Has anyone adjusted the host status idle interval alert? I am constantly getting critical alerts for devices being down only for the alert to clear after a minute or two. In the datasource it mentions that LM does not recommend changing the alert but it’s creating a lot of false positives. If you haven’t changed the alert does anyone have any suggestions for decreasing these false postivies?

  • mray's avatar
    mray
    Icon for LM Conqueror rankLM Conqueror

    A lot of really good advice and feedback in this thread and I agree with all of it. It’s best to first try and address, or at least understand, the underlining cause of these alerts. As others have mentioned, this could be indicative of poor Collector health -- overload, tasks not executing properly, etc. I’m adding some links below for additional context.

    Info on monitoring your Collectors: https://www.logicmonitor.com/support/collectors/collector-management/monitoring-your-collector/

    More info on the Host Status DataSource here: https://www.logicmonitor.com/support/logicmodules/datasources/creating-managing-datasources/host-status-host-behavior

    Please feel encouraged to submit a support ticket if you’d like some assistance with troubleshooting.
    https://www.logicmonitor.com/support/about-logicmonitor/customer-support/get-support-resources 

  • We have seen this behavior when the collector is falling behind. If you haven’t I suggest adding in the collector as a resource to be monitored. And check the Collector graphs to see if it is falling behind. By default the collector will set off Warnings for TasksCountInQueue and a few others.

  • Anonymous's avatar
    Anonymous

    You can’t change is the poll interval, as for “Internal” type DSs, the selected poll rate has no impact. 

    Also, you shouldn’t change the threshold to anything other than 300, since that’s the internal value at which LM marks the host down, which suppresses all alerts opened after that point. So, if you make it more than 300, the device will be marked as down and all other alert notifications (including the one that would tell you that the device is down) will be suppressed.

    I’m not sure the impact of changing the trigger and clear intervals though. 

    Are you sure they’re false positives? Is it possible there’s something actually going on, but it resolves/heals quickly enough that you’re not seeing it? One thing to consider is that all of this is based on the collector’s ability to report data back to the LM platform on a continuous basis. Host status really does mean that the platform hasn’t gotten any data for that device in 5 minutes. What could cause all the datasources on a device to return no data all at the same time for 5 whole minutes? 
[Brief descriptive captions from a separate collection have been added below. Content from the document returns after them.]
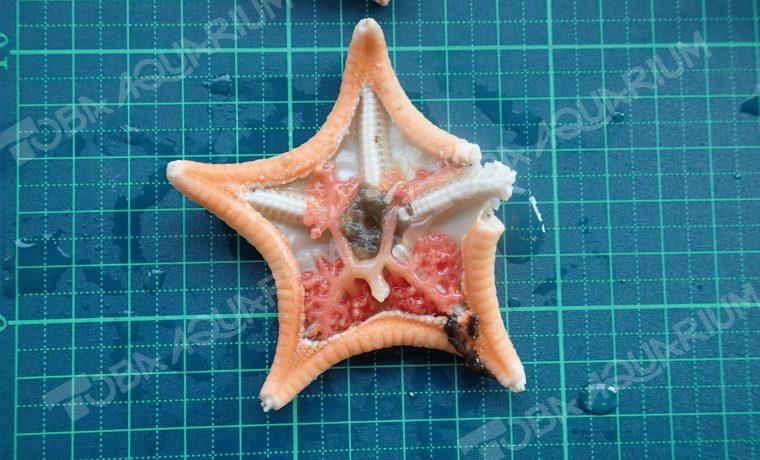 Dendrogaster ユミヘリゴカクノシダムシ - 生きもの図鑑 鳥羽水族館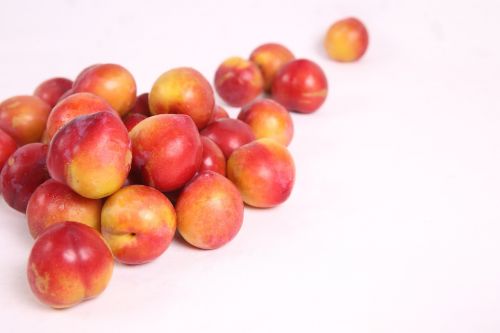 plum fruit summer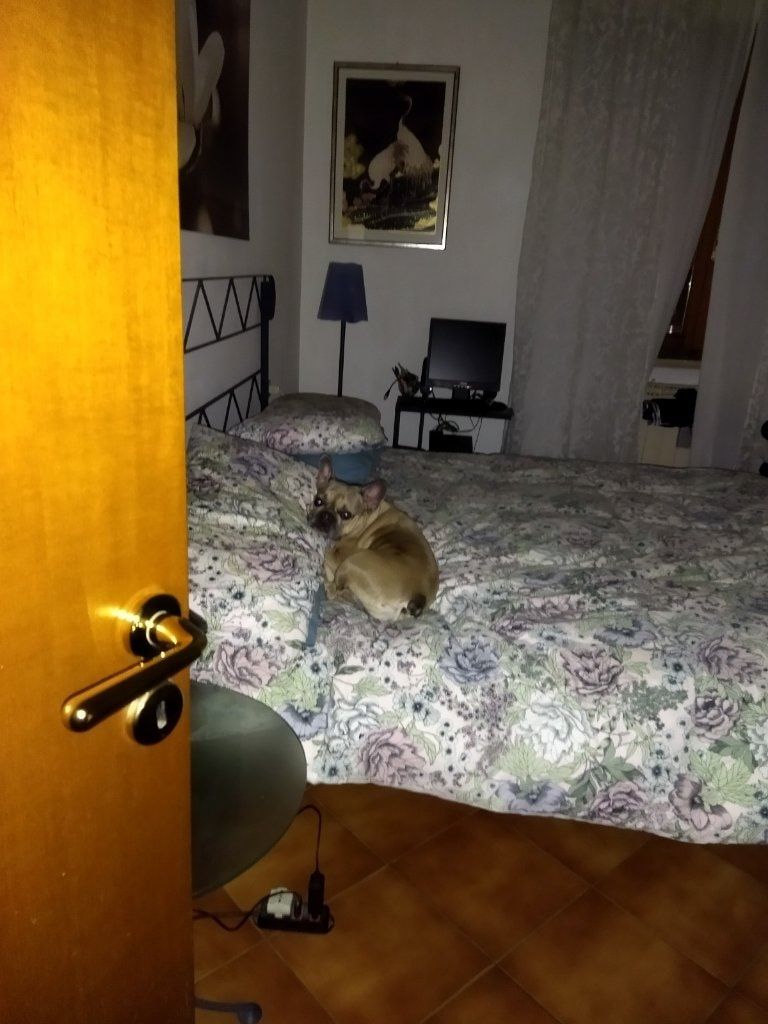 image-17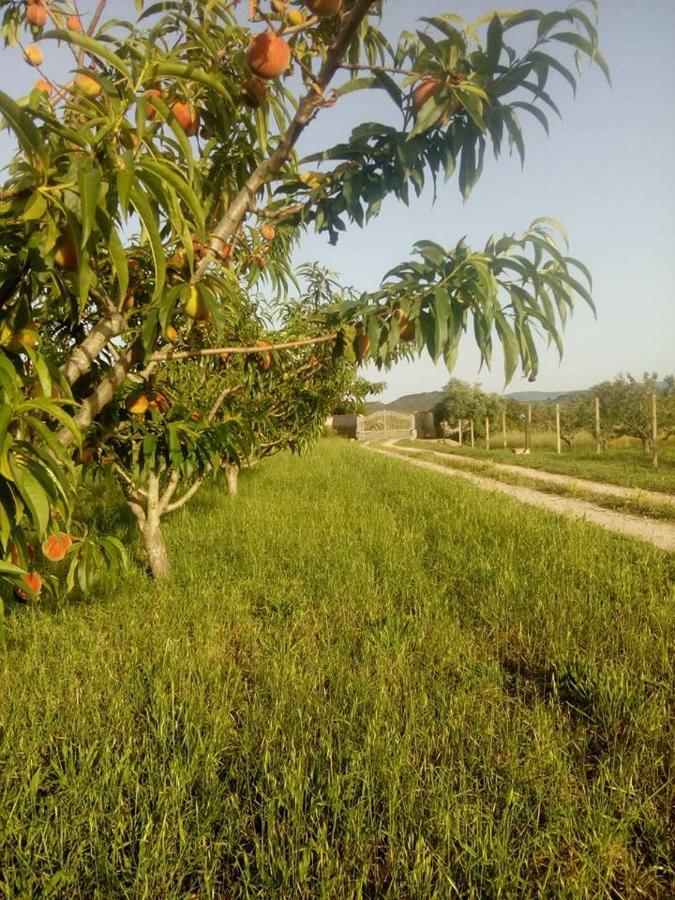Residenza Agrituristica Santa Lucia Con Piscina Daire Alghero Dış mekan fotoğraf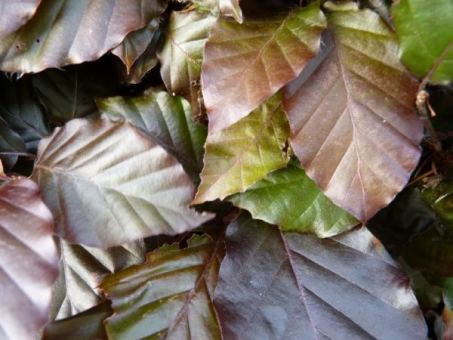 Fagus sylvatica purpurea - Blutbuche Größe 150-175 cm, Ballenpflanze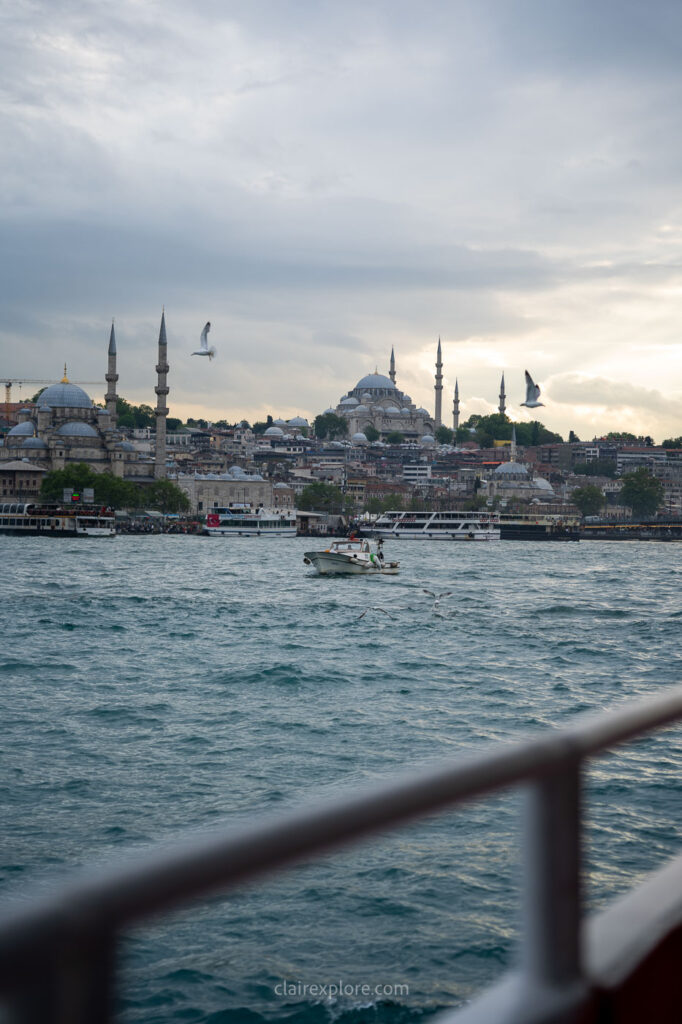 Oiseaux Ferry coucher de soleil Istanbul Turquie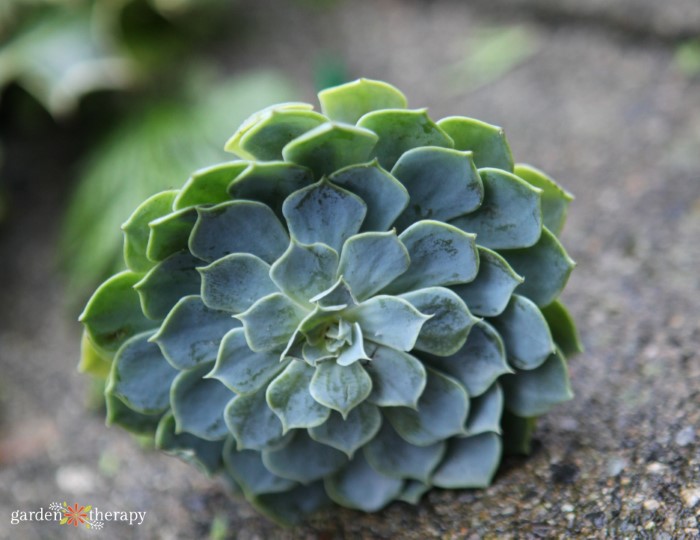 succulent head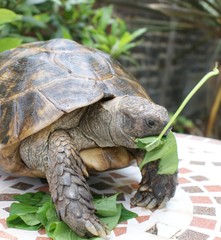 Tortoise, mediteranean spur thighed, eating salad leaves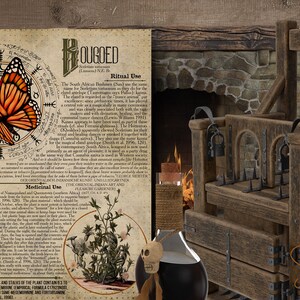 May include: A vintage, wooden, medieval torture chair with metal spikes and a lock. A dark, glass bottle with a skull stopper sits in front of the chair. A parchment paper with a butterfly and text about "Kouged" is in the background.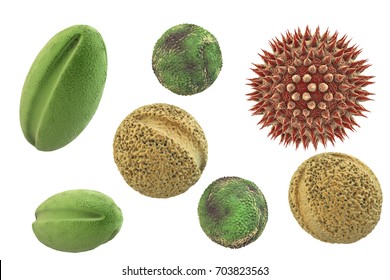 Pollen grains from different plants, 3D illustration. They are factors causing hay fever and allergic rhinitis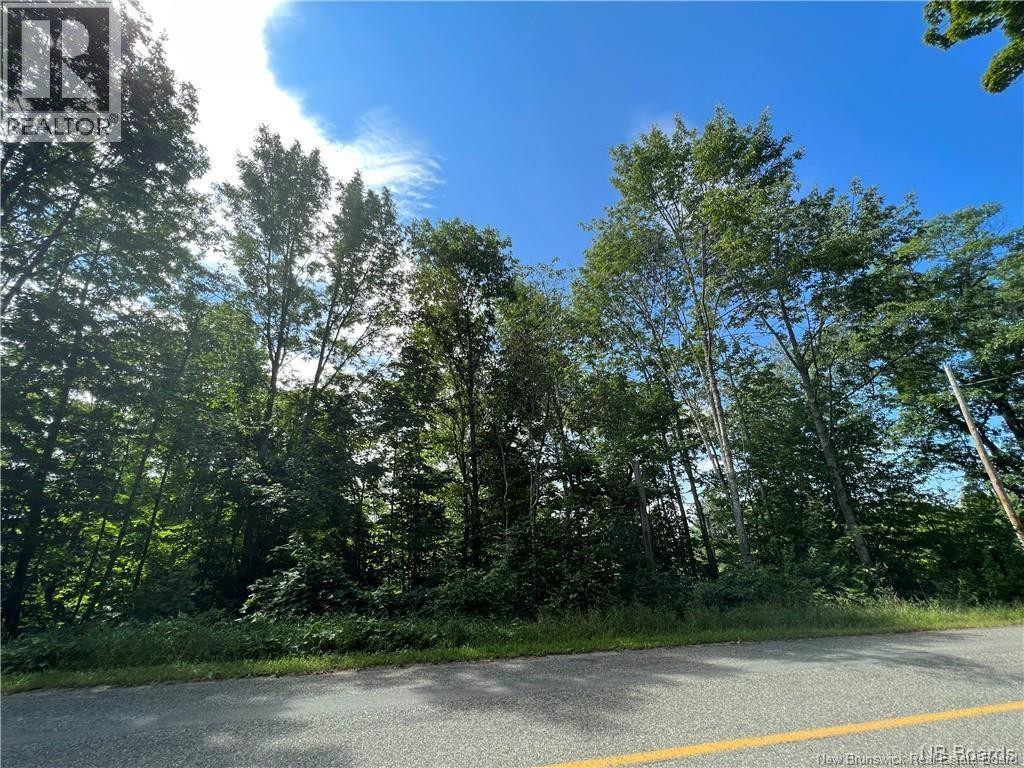 Vacant Lot 1 Route 105, Bear Island, New Brunswick  E6L 1K1 - Photo 2 - NB149790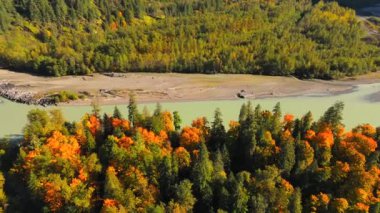 Kanada 'da göz kamaştırıcı sonbahar manzarası, British Columbia. Dağ yamaçlarındaki renkli ormanın ve vadideki nehrin havadan görünüşü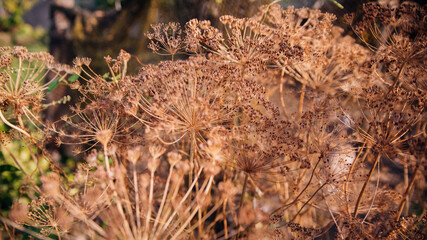 A dill stalk with seeds in the garden, a close-up with seeds. Dry ripe dill seeds.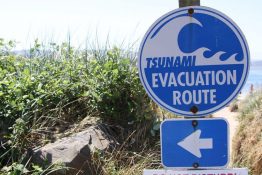 A circular tsunami evacuation sign in front of a grassy coastline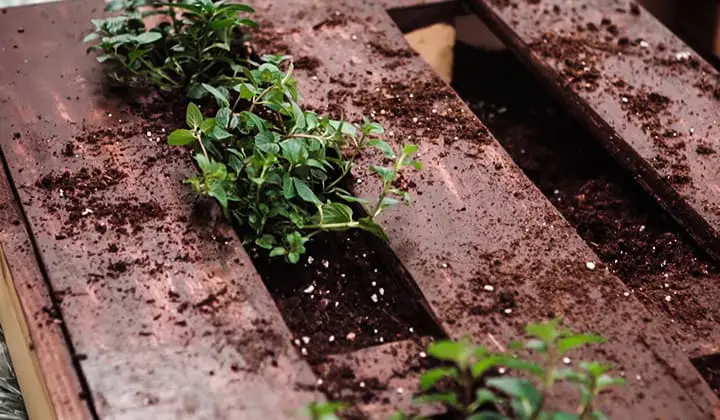 how-to-make-a-plant-stand-out-of-pallets-1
    Do your ping alerts open before the host status alert? Check the ping DS. Does it have data the whole time? If it does, there’s something broken with LM. If Ping has data, the host status alert shouldn’t be opening. 

    FWIW: we have not modified anything on the host status DS.

  • If you just don’t want to receive alerts (versus having them logged in the UI), one trick we’ve used is a delayed escalation chain with an empty stage 1.  If you want the alerts not to exist at all, you’ll have to change the thresholds.